Wissenschaftliche Grundlage der Studie
Die Studie basiert auf einer repräsentativen Befragung von 7.762 Personen, die zwischen März und Oktober 2021 vom Institut für angewandte Sozialwissenschaft (infas) durchgeführt wurde. Monatlich wurden Einstellungen, Erfahrungen und Meinungen erfasst – von der Impfbereitschaft über persönliche Pandemielasten bis hin zum Vertrauen in Politik und Gesellschaft. Die Ergebnisse sind nun unter dem Titel ‚Populist party support and COVID-19 vaccination: Explaining the AfD vaccination gap‘ in der Kölner Zeitschrift für Soziologie und Sozialpsychologie (online first, 2025) veröffentlicht worden. Publikation bei SpringerLink ansehen
Vertrauen als Voraussetzung für Gesundheitspolitik
Die Corona-Pandemie hat gezeigt, dass Information allein nicht überzeugt. Menschen entscheiden nicht nur auf Basis von Wissen, sondern auch auf Grundlage ihrer Werte, Identitäten und Emotionen. Wer sich gesellschaftlich abgehängt fühlt oder politische Entscheidungen als bevormundend empfindet, reagiert mit Ablehnung – auch gegenüber medizinischen Empfehlungen. Langfristig kann daher nur eine Politik erfolgreich sein, die Vertrauen stärkt, Transparenz bietet und Dialog fördert. Gesundheitsmaßnahmen müssen verständlich kommuniziert, aber auch demokratisch legitimiert werden.

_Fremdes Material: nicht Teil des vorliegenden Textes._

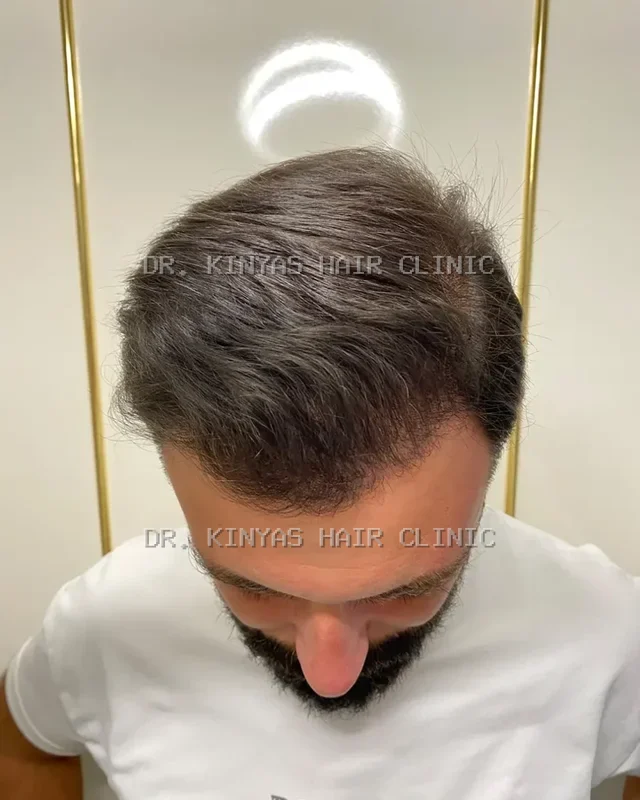 DOPO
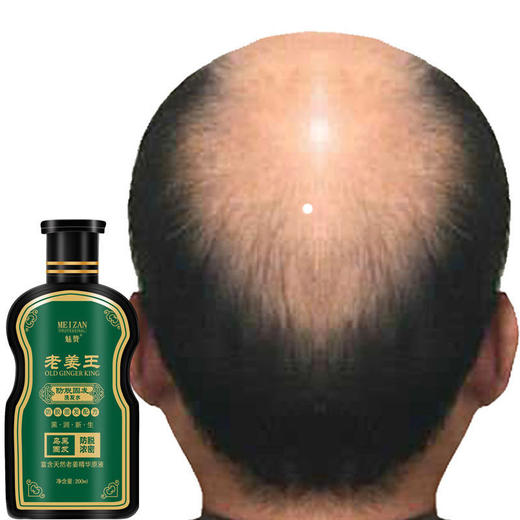 魅赞基础生姜防掉育发洗发水 商品图6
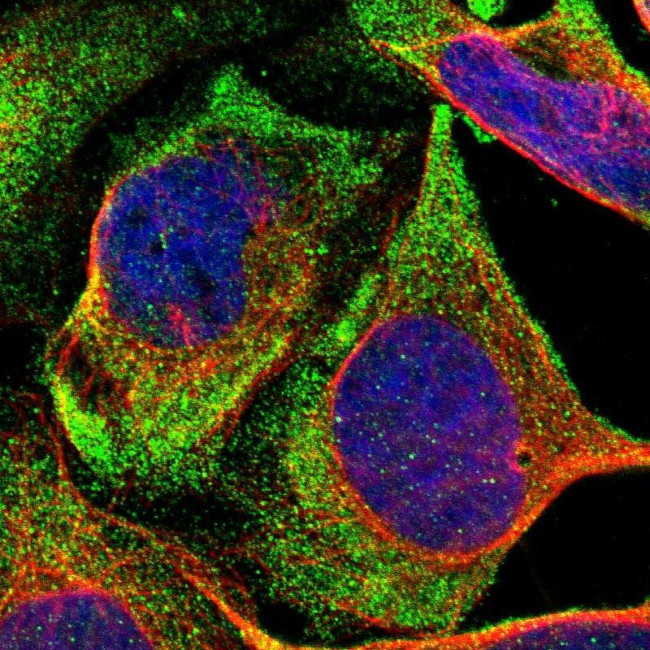 NOV Antibody in Immunocytochemistry (ICC/IF)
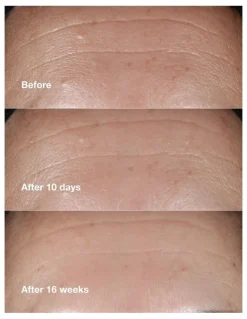 Clinique Smart Clinical Repair Wrinkle Correcting Serum 1% Retinoid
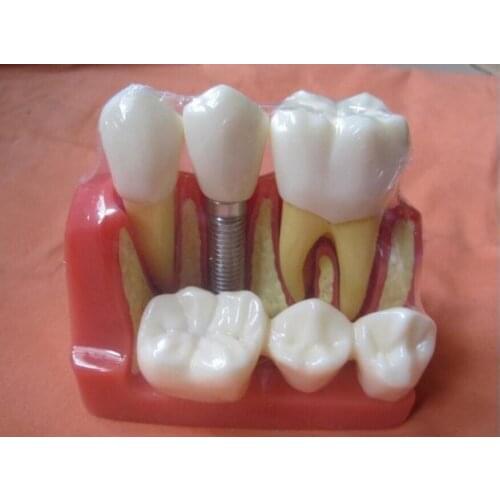 Free shipping Dental teeth model dental planting teeth model decomposition tooth model exploded removable dental teaching model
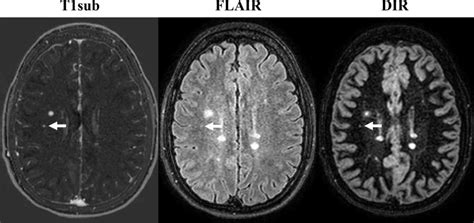 Non-Contrast MRI is Effective in Monitoring MS Patients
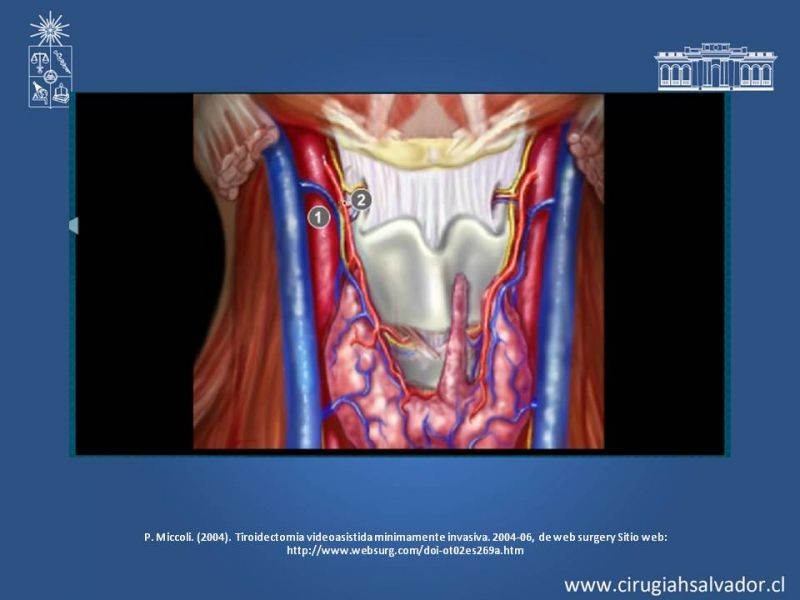 Diapositiva 4 de Hematoma Cervical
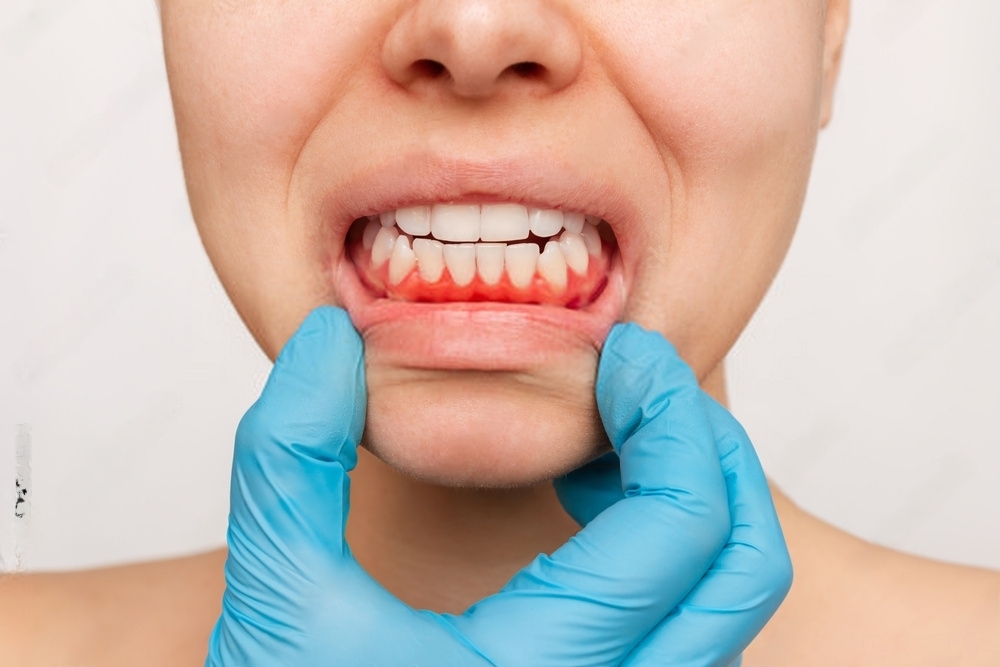 PERIODONTIA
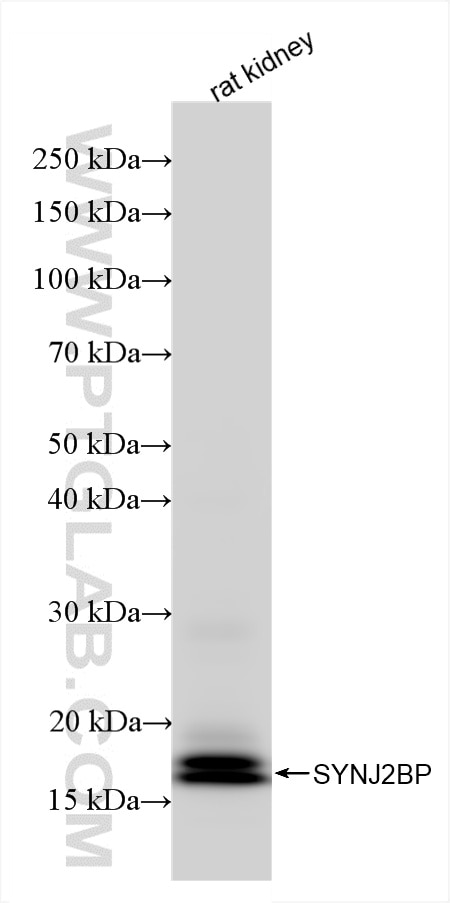 Western Blot (WB) analysis of rat kidney tissue using SYNJ2BP Recombinant antibody (85870-4-RR)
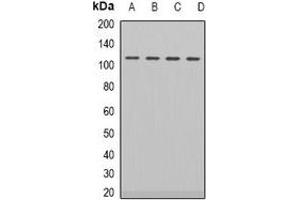 Western blot analysis of Androgen Receptor expression in HEK293T (A), LOVO (B), NIH3T3 (C), PC12 (D) whole cell lysates. (Androgen Receptor antibody)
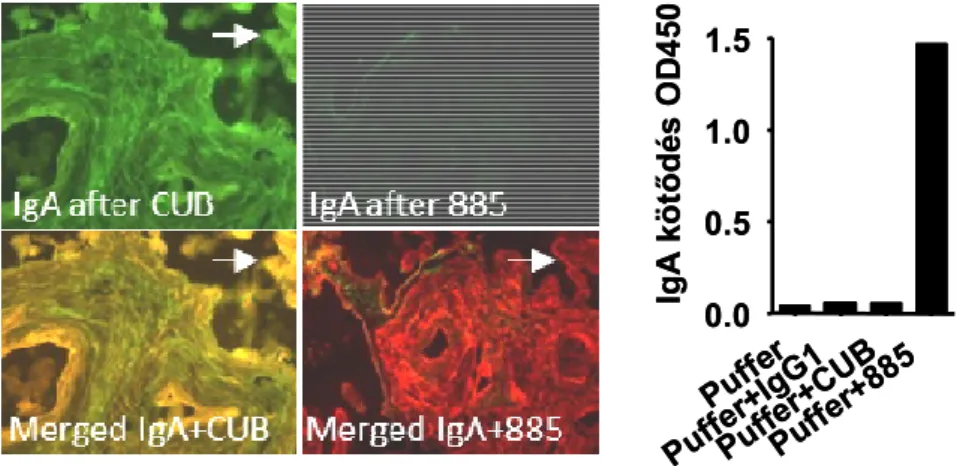 34. ábra. Coeliakiás placenta szövetben lerakódott IgA antitestek (zöld) CUB7402 vagy MAb 885 monoklonális  egér TG2 antitestek (piros) hozzáadása után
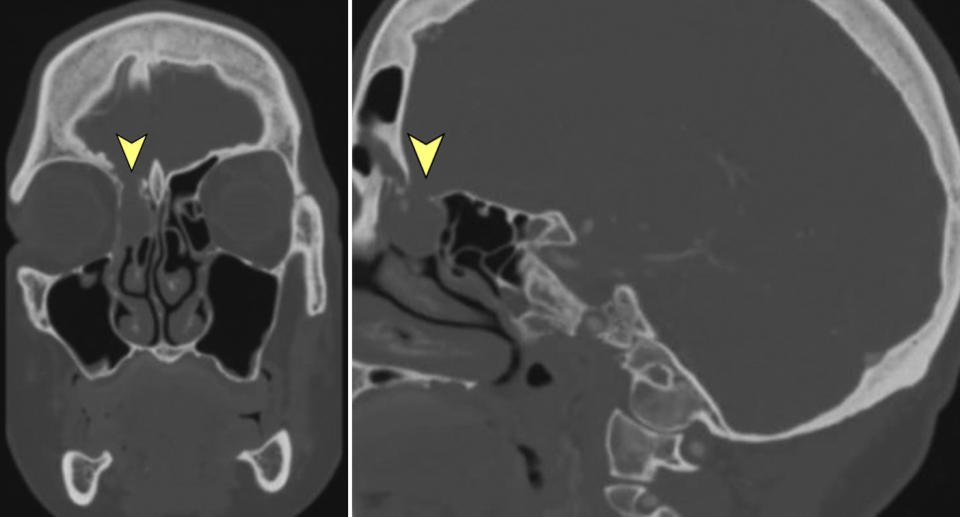 A CT scan from 2017 shows a woman's brain.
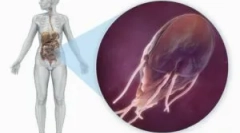 Power and diet giardiasis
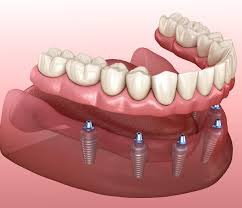 DENTAL IMPLANTS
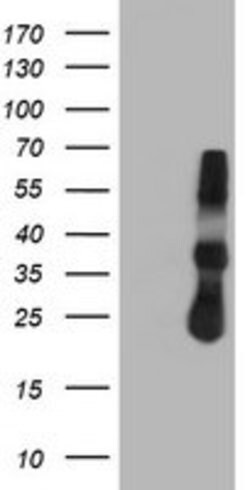 TIMP2 Mouse anti-Human, Clone: OTI1B11, lyophilized, TrueMAB 100 &mu;g;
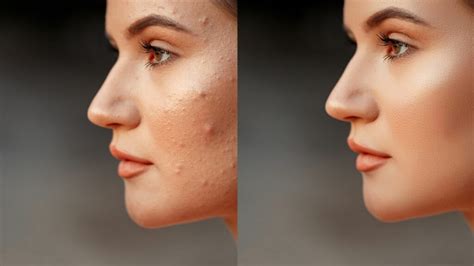 Korean Skincare Routine for Acne: A Comprehensive Guide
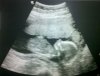 babyboy18weeks.jpg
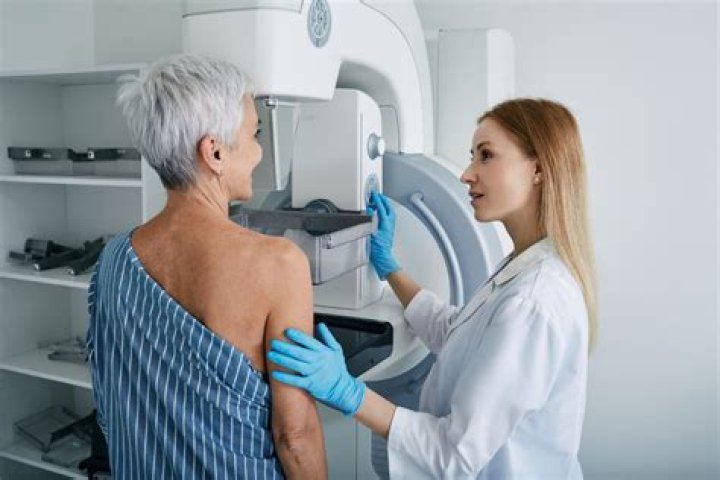 Do I need a mammogram if I had a CT scan?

Gesundheit braucht Vertrauen
Die Ergebnisse der Bamberger Studie zeigen deutlich: Gesundheitspolitik ist mehr als die Umsetzung wissenschaftlicher Erkenntnisse – sie ist ein Spiegel gesellschaftlicher Einstellungen. Wenn politische Überzeugungen darüber entscheiden, ob Menschen sich impfen lassen, dann wird deutlich, dass Vertrauen, Repräsentation und Kommunikation zentrale Säulen einer funktionierenden Gesundheitsgesellschaft sind. Nur wenn sich Menschen gehört und verstanden fühlen, kann Prävention erfolgreich sein – in der Pandemie ebenso wie in Zukunft.